02.23.06

More advice to Google about maps

Posted in Maps, Technology trends at 11:06 pm by ducky

Because all the data associated with Google Maps goes through Google, they can keep track of that information. If they wanted to, they could store enough information to tell you what the most map markers within two miles of 1212 W. Springfield, Urbana, Illinois were. Maybe one would be from Joe’s Favorite Bars mashup and maybe one would be from the Museums of the World mashup. Maybe fifty would show buildings on the university of Illinois campus from the official UIUC mashup, and maybe two would be from Josie’s History of Computing mashup.

Google could of course then use that mashup data in their location-sensitive queries, so if I asked for “history computing urbana il”, they would give me Josie’s links instead of returning the Urbana Free Library. (They would need to be careful in how they did this in a way that didn’t tromp on Josie, if they want to stick to their “Don’t be evil” motto.)

This is another argument for why they should recognize a vested interest in making it easy for developers to add their own area-based data. If Google allows people to easily put up information about specific polygons, then Google can search those polygons. Right now, because I had to do my maps as overlays, Google can’t pull any information out of them.

If Google makes polygons and their corresponding data easy to name, identify, and access, they will be able to do very powerful things in the future.

Addendum: I haven’t reverse-engineered the Google Maps javascript — I realized that it’s quite possible that the marker overlays are all done on the client side.  (Desirable and likely, in fact.)  In that case, they wouldn’t have the data.  However, it would be trivial to insert some code to send information about the markers up to the server.  Would that be evil?  I’m not sure.

02.17.06

Disaster maps

Posted in Hacking, Maps, Technology trends at 2:27 pm by ducky

I was in San Jose when the 1989 Loma Prieta earthquake hit, and I remember that nobody knew what was going on for several days. I have an idea for how to disseminate information better in a disaster, leveraging the power of the Internet and the masses.

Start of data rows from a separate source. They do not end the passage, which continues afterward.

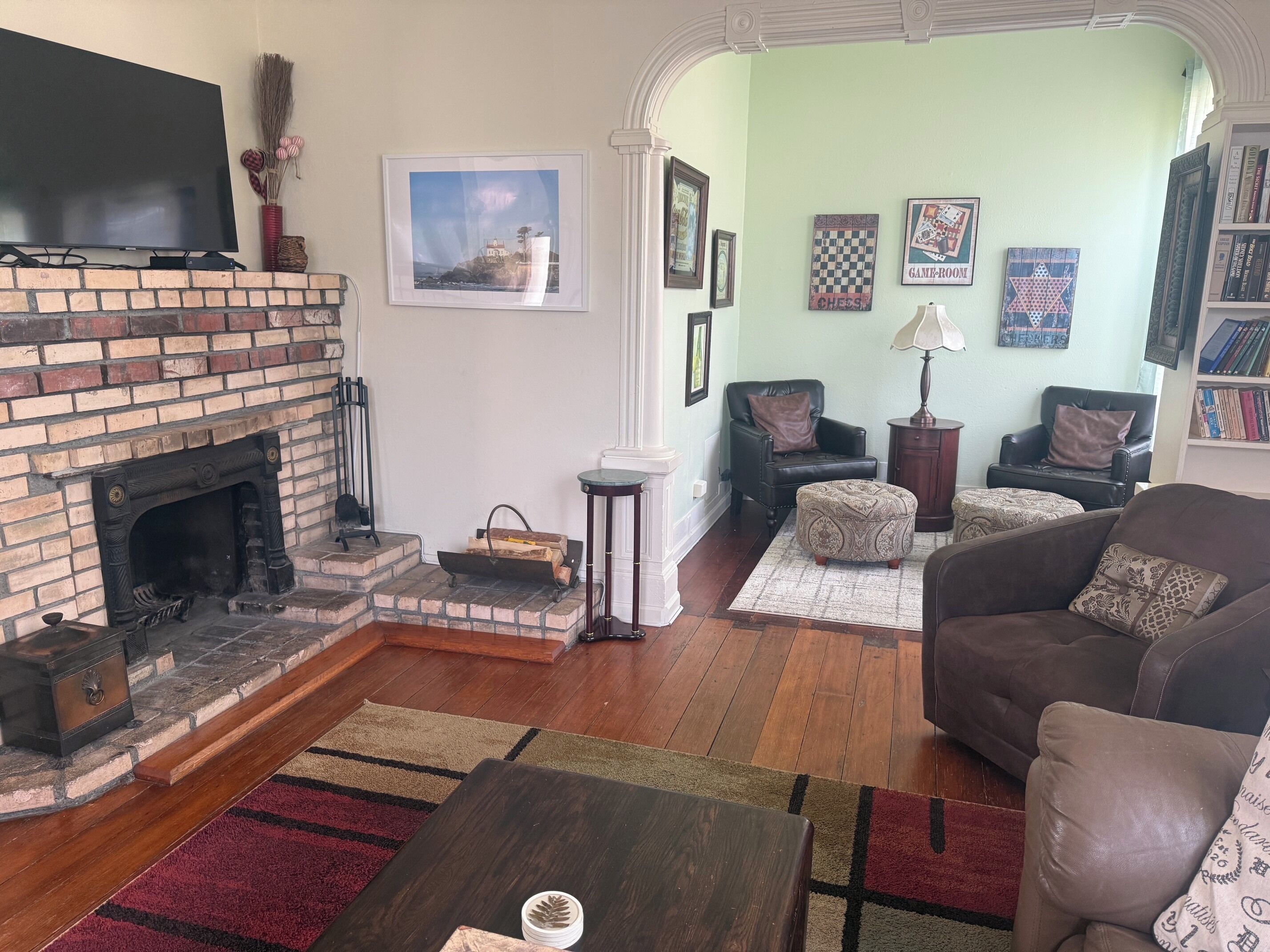 A living room with a fireplace, leather sofas, a coffee table, and a bookshelf.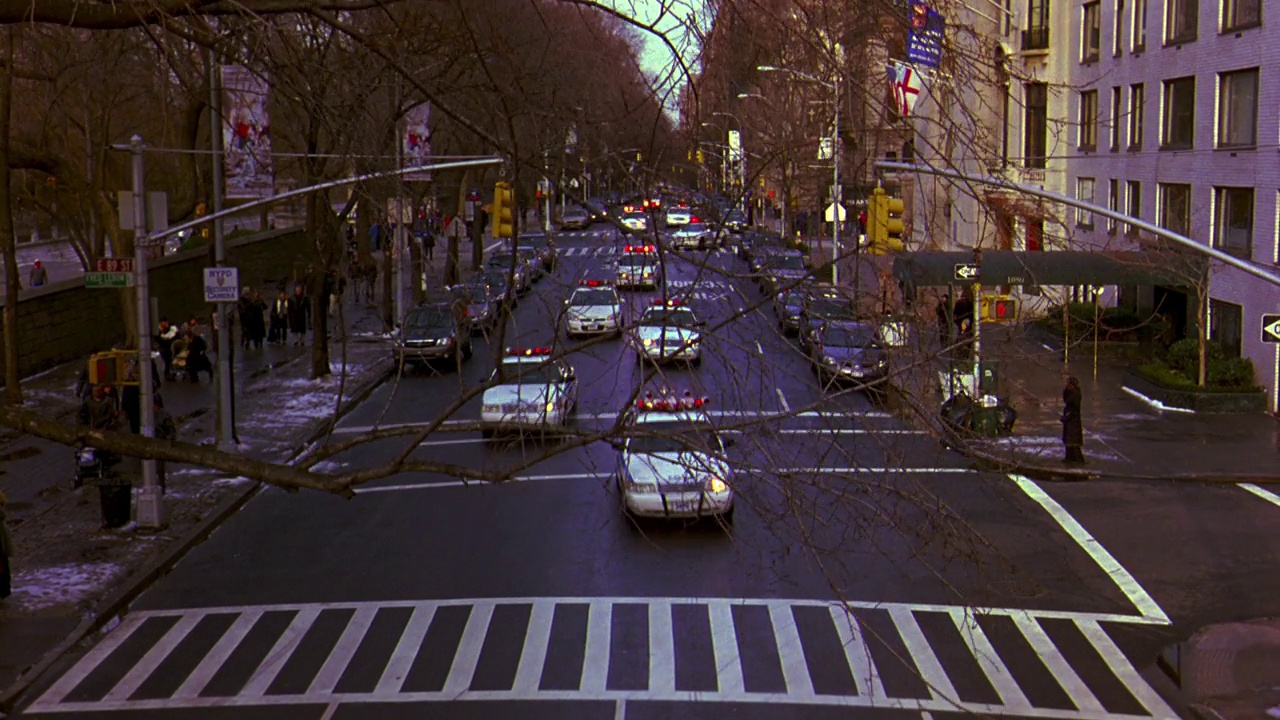 纽约市街道上汽车行驶的广角镜头。行人走在积雪覆盖的人行道上。人行道。当警车闪烁着警灯、警笛、警笛在街道上高速行驶时，镜头从高角度向下平移。警车停在a街视频素材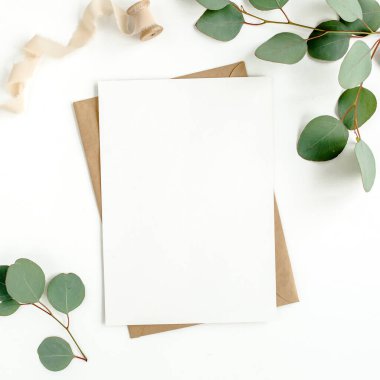 Sahte davetiye, boş tebrik kartı ve yeşil yapraklar okaliptüs. Düz yatış, üst görünüm.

I envision a set of maps associated with a disaster: ones for the status of phone, water, natural gas, electricity, sewer, current safety risks, etc. For example, where the phones are working just fine, the phone map shows green. Where the phone system is up, but the lines are overloaded, the phone map shows yellow. Where the phones are completely dead, the phone map shows red. Where the electricity is out, the power map shows red.

To make a report, someone with knowledge — let’s call her Betsy — would go to the disaster site, click on a location, and see a very simple pop-up form asking about phone, water, gas, electricity, etc. She would fill in what she knows about that location, and submit. That information would go to several sets of servers (geographically distributed so that they won’t all go out simultaneously), which would stuff the update in their databases. That information would be used to update the maps: a dot would appear at the location Betsy reported.

How does Betsy connect to the Internet, if there’s a disaster?

  1. She can move herself out of the disaster area. (Many disasters are highly localized.) Perhaps she was downtown, where the phones were out, and then rode her bicycle home, to where everything was fine. She could report on both downtown and her home. Or maybe Betsy is a pilot and overflew the affected area.
  2. She could be some place unaffected, but take a message from someone in the disaster area. Sometimes there is intermittent communication available, even in a disaster area. After the earthquake, our phone was up but had a busy signal due to so many people calling out. What you are supposed to do in that situation is to make one phone call to someone out of state, and have them contact everybody else. So I would phone Betsy, give her the information, and have her report the information.
  3. Internet service, because of its very nature, can be very robust. I’ve heard of occasions where people couldn’t use the phones, but could use the Internet.

One obvious concern is about spam or vandalism. I think Wikipedia has shown that with the right tools, community involvement can keep spam and vandalism at a minimum. There would need to be a way for people to question a report and have that reflected in the map. For example, the dot for the report might become more transparent the more people questioned it.

The disaster site could have many more things on it, depending upon the type of disaster: aerial photographs, geology/hydrology maps, information about locations to get help, information about locations to volunteer help, topology maps (useful in floods), etc.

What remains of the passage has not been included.